(Entries taken from a collection)

━━━━━━━━━━━━━━━━━━━━━━━━━━━━━━

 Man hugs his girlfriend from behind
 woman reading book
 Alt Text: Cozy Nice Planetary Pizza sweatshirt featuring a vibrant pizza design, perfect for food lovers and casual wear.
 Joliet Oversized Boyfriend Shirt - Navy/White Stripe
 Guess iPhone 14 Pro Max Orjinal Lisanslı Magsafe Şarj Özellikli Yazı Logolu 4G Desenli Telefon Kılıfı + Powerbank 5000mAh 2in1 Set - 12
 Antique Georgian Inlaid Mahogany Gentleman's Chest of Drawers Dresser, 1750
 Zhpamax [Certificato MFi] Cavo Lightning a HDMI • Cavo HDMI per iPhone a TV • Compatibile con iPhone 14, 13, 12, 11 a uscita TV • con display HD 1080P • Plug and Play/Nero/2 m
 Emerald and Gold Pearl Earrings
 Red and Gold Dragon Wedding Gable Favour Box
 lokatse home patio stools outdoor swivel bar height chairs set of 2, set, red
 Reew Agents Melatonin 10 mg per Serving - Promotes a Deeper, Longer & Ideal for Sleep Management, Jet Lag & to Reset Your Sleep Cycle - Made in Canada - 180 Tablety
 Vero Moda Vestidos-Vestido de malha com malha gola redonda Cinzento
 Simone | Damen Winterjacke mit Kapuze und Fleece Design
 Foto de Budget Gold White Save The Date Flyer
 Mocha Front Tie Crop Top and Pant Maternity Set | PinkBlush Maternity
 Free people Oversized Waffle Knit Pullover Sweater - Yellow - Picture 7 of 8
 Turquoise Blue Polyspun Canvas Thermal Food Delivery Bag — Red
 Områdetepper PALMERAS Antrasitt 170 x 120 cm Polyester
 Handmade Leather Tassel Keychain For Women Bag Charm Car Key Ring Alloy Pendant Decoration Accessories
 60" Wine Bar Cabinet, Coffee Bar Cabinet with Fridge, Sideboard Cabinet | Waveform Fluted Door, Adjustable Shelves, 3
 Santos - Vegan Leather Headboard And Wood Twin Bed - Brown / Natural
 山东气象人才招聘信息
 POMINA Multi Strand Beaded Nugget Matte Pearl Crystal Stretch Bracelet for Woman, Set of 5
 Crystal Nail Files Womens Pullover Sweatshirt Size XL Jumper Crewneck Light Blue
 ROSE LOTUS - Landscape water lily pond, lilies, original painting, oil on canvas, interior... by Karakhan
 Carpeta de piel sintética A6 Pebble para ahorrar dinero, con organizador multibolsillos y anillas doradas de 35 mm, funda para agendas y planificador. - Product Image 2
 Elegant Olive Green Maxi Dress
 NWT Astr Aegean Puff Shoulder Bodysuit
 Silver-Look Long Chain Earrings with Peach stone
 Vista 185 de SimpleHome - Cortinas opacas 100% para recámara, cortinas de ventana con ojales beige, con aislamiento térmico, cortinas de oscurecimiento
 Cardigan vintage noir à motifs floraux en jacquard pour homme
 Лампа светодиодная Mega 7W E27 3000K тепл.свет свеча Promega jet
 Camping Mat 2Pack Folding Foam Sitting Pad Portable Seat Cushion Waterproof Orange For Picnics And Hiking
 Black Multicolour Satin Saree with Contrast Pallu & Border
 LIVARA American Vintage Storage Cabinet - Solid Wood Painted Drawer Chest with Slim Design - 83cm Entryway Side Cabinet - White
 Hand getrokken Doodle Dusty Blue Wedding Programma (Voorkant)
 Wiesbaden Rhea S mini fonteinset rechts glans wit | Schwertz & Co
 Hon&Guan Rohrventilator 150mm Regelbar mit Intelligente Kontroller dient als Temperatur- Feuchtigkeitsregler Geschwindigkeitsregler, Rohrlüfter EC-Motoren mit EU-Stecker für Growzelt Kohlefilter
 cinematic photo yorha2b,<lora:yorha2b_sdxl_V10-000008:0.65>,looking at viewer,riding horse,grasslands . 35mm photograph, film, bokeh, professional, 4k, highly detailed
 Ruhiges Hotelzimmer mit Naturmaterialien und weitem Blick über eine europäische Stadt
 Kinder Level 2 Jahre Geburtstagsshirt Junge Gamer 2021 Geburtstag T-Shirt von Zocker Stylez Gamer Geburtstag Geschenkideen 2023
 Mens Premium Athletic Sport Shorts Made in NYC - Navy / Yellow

━━━━━━━━━━━━━━━━━━━━━━━━━━━━━━

--- Task to carry out ---
Write down again, exactly as given, only the lines above that fall from the line with "lokatse home patio" to the line with "POMINA Multi Strand", inclusive.

--- Output of the exercise ---
 lokatse home patio stools outdoor swivel bar height chairs set of 2, set, red
 Reew Agents Melatonin 10 mg per Serving - Promotes a Deeper, Longer & Ideal for Sleep Management, Jet Lag & to Reset Your Sleep Cycle - Made in Canada - 180 Tablety
 Vero Moda Vestidos-Vestido de malha com malha gola redonda Cinzento
 Simone | Damen Winterjacke mit Kapuze und Fleece Design
 Foto de Budget Gold White Save The Date Flyer
 Mocha Front Tie Crop Top and Pant Maternity Set | PinkBlush Maternity
 Free people Oversized Waffle Knit Pullover Sweater - Yellow - Picture 7 of 8
 Turquoise Blue Polyspun Canvas Thermal Food Delivery Bag — Red
 Områdetepper PALMERAS Antrasitt 170 x 120 cm Polyester
 Handmade Leather Tassel Keychain For Women Bag Charm Car Key Ring Alloy Pendant Decoration Accessories
 60" Wine Bar Cabinet, Coffee Bar Cabinet with Fridge, Sideboard Cabinet | Waveform Fluted Door, Adjustable Shelves, 3
 Santos - Vegan Leather Headboard And Wood Twin Bed - Brown / Natural
 山东气象人才招聘信息
 POMINA Multi Strand Beaded Nugget Matte Pearl Crystal Stretch Bracelet for Woman, Set of 5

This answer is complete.